◆ ACTION ITEM ◆
Word for word, please copy the listing below, with its pictures left out.

◆ DATA SEGMENT ◆
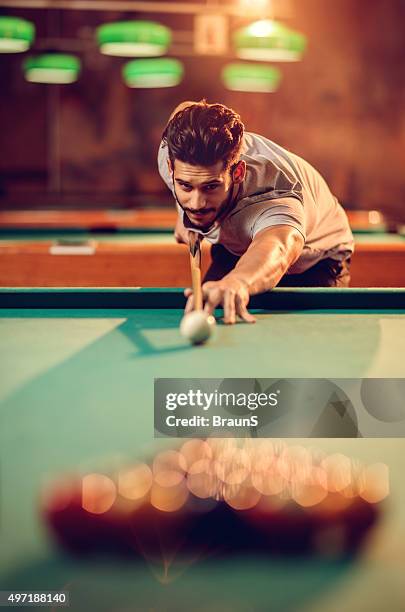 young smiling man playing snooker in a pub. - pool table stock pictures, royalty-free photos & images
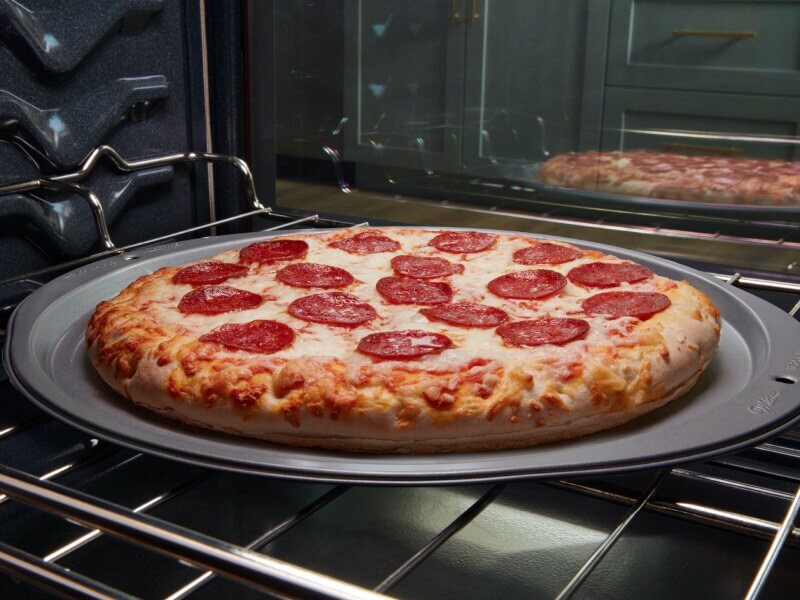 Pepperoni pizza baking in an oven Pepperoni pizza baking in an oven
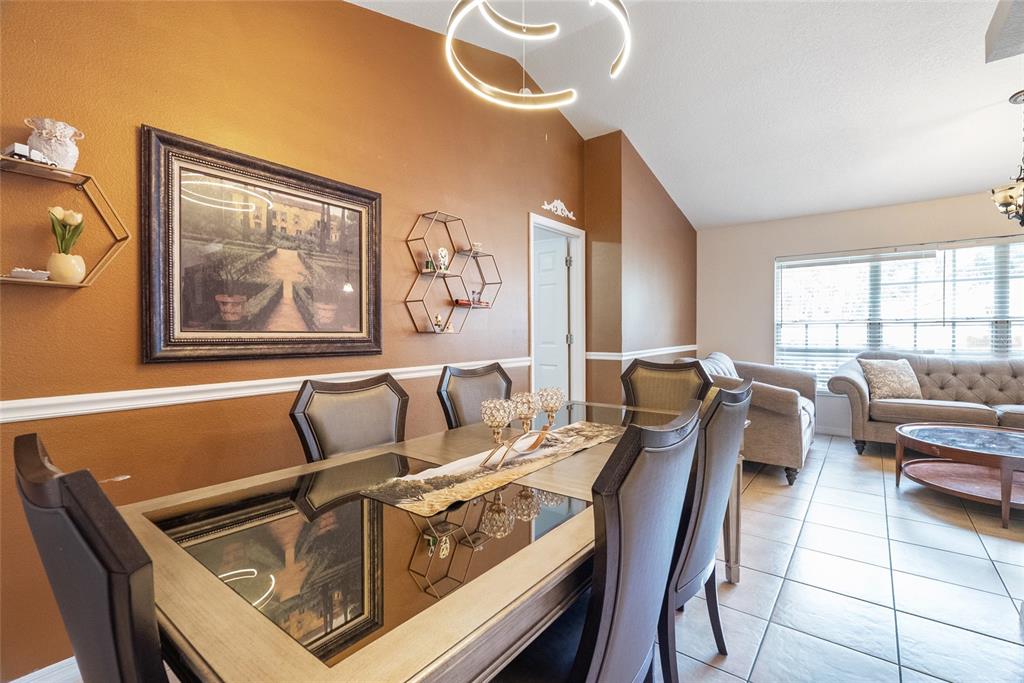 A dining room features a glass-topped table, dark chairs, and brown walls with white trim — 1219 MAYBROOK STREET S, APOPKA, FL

◆ RESPONSE AREA ◆
 young smiling man playing snooker in a pub. - pool table stock pictures, royalty-free photos & images
 Pepperoni pizza baking in an oven Pepperoni pizza baking in an oven
 A dining room features a glass-topped table, dark chairs, and brown walls with white trim — 1219 MAYBROOK STREET S, APOPKA, FL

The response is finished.